Lik and her beloved sister bands, including the likes of Armagedda and Sweden’s own Leviathan have clear distinctions between them but with the arrival of Lik’s sophomore, entitled ‘Besvärtade Strofer’, the divide between Lik and the most recent addition to the family, Lönndom, is becoming increasingly closer as Lik shift more towards blackened occult rock than ever before, almost eradicating the sense of metal in their music altogether, though not entirely. When one looks over the career these two musicians, A and Graav, the progression of their personalities towards a mellow musical style is easy to see. Beginning with the troubled aggressors Armagedda and Leviathan, this talented duo were considered highly respected black metal musicians, particularly when it came to Armagedda’s illustrious discography as Leviathan are somewhat of a forgotten gem these day -- perhaps something to do with the rise of Wrest’s Leviathan project? However, as age has matured the musicians, their stylistic approach has altered drastically. Even the image of the band has changed since the early days. Out goes the corpse paint and in has come straw hats, with colourful shirts.

For me, it is with this sophomore that the musicians were beginning to transform as people, something which is evident as the record progresses through the clearly lit path to a more relaxed destination. From distortion heavy black metal records like ‘The Final War Approaching’, with its obvious aggressive backbone, to the mild mannered ‘Besvärtade Strofer’ which takes a more relaxed approach to music. While I wouldn’t consider this record timid, I would consider it more so than the debut, ‘Må Ljuset Aldrig Nå Oss Mer’ which used a far more distorted production and more frequent harsh vocals than this psychedelic, entrancing collection of songs. As always, the record itself is quite short, but offers the listener enough time to breath in the intoxicating fumes of the crunchy guitar riffs and the wonderful bass, a section of the instrumentation which has always played a massive part in the concoction of Lik’s records, particularly this one with its far cleaner sound and more accessible song writing. Instrumentally and vocally, not too much has altered, but the record sounds far different simply because the duo opted for a cleaner sound, one which enhances the psychedelic, generally mid-paced songs.

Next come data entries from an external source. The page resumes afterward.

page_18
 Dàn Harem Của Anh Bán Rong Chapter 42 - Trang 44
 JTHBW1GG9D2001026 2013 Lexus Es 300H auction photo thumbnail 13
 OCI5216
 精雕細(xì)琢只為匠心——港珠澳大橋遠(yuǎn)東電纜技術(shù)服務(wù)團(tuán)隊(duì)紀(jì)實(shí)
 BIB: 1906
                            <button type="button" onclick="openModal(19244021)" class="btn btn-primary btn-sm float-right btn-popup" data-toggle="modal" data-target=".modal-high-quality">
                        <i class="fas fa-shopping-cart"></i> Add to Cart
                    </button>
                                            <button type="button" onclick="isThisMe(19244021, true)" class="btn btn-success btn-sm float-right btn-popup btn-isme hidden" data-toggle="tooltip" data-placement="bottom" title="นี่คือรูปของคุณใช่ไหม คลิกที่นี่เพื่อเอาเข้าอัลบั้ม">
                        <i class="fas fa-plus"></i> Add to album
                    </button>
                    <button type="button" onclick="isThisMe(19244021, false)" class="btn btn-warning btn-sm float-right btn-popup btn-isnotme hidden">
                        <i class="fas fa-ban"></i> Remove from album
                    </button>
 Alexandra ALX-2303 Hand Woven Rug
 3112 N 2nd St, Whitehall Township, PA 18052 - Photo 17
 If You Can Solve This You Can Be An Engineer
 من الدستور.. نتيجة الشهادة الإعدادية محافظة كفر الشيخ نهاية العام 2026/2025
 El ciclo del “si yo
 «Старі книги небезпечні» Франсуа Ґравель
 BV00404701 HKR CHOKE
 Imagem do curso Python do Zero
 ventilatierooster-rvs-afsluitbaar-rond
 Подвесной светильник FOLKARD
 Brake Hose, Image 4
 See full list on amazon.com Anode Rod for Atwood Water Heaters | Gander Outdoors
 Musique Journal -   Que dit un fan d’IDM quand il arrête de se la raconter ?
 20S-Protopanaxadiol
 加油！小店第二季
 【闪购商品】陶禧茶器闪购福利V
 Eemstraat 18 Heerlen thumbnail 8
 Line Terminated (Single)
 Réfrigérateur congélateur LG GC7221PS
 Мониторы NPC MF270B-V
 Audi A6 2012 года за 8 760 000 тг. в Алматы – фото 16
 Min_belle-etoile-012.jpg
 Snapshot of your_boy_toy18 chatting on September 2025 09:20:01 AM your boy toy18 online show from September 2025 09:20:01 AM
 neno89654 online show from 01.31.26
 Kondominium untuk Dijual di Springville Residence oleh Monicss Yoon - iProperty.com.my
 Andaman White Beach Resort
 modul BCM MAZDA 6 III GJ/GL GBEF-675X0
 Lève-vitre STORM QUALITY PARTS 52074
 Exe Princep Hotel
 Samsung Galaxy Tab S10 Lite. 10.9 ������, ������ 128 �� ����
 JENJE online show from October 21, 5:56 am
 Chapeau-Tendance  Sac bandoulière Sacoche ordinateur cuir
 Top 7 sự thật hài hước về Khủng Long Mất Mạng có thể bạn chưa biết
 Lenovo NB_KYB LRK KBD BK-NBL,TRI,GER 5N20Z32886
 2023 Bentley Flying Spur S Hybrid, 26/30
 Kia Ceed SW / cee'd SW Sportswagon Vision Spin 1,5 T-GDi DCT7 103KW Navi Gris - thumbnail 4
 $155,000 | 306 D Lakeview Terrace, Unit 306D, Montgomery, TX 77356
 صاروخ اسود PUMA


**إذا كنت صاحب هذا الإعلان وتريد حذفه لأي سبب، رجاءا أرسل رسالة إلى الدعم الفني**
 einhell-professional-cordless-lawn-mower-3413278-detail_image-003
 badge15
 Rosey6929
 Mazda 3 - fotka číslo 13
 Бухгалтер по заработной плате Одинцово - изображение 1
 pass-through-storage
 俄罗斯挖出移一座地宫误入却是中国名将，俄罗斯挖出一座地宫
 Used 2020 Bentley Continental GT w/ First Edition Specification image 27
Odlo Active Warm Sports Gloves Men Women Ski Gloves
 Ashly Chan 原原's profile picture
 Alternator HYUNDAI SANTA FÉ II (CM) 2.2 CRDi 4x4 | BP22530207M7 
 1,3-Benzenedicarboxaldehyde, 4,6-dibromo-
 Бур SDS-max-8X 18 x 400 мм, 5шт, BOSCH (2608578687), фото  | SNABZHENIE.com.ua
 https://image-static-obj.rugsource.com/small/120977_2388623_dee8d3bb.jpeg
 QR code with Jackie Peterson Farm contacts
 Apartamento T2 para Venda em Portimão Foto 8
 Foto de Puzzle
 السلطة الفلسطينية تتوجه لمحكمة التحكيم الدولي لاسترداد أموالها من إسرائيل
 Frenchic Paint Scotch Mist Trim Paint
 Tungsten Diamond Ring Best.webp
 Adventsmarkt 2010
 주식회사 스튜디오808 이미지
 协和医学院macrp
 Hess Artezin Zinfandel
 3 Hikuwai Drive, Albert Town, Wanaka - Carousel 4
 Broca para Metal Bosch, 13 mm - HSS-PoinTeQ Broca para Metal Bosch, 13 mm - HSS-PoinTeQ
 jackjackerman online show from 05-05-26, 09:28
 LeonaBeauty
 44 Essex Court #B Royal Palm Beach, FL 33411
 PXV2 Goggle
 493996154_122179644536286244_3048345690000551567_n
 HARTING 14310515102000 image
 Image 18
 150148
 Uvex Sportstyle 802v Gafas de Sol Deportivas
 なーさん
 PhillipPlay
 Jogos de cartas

With ‘Besvärtade Strofer’, the duo attempt to use the sparse elements of the debut more frequently, such as the clean, almost chanted vocal style which reminds me olden day rituals, or a dreary funeral procession of someone’s loved one’s. Graav’s vocals are more accessible when in their cleaner form and do add an extra sense of chemistry with the subtle elements of the instrumentation, such as the bass, an instrument which showcases superb juxtaposition by being both subtle, yet steadily commanding within the layered structures of the songs, shown particularly well during tracks like ‘Syner’. Songs like this show how versatile the bass can become as, in the introductory part of ‘Syner’, the bass floats behind the slow-paced guitar like a carefree dancing child but, as the song progresses, the basses influence becomes more and more pressing alongside the introduction of Graav’s usual hissed vocals, which displays a bite as powerful as a lion’s without bearing overbearing amidst the surreal and dreamlike atmospherics of songs such as ‘Syner’ and, in particular, the eerie ‘Viterskog’. One could argue the song writing is more focused, but the emotional scope of the record isn’t as penetrative.

With the entrancing presence of Graav’s chanted vocals, the atmospheres are enhanced tenfold and, thankfully, these vocals are used more frequently, as previously stated, slowly becoming a real force alongside the expansive and expressive bass which seemingly grows in confidence throughout. Perhaps more surprisingly than this Lik have ditched much of the desolation that surrounded the soundscapes on the debut and opted for a more catchy, rhythmic nature through the strange, eerie mist that rises from the mind altering effect of the drug-like atmospherics during songs like ‘Åkallelse’, in particular. Perhaps the debut was more immersive than this sophomore effort since the dense production wouldn’t allow my mind to wander the paths of the soundscapes and kept me more focused on the music itself. However, I don’t necessarily consider this a negative point in regards to the record as a whole because this highlights progression by the band which was taken one step further by the more laid back approach of Lönndom who offer a stripped down version of similar themes as expressed on this creative record. In conclusion, I would still consider the debut more worthy of praise since it is the true innovator, but this sophomore highlights the maturity of the band even if the impression isn’t as hard-hitting.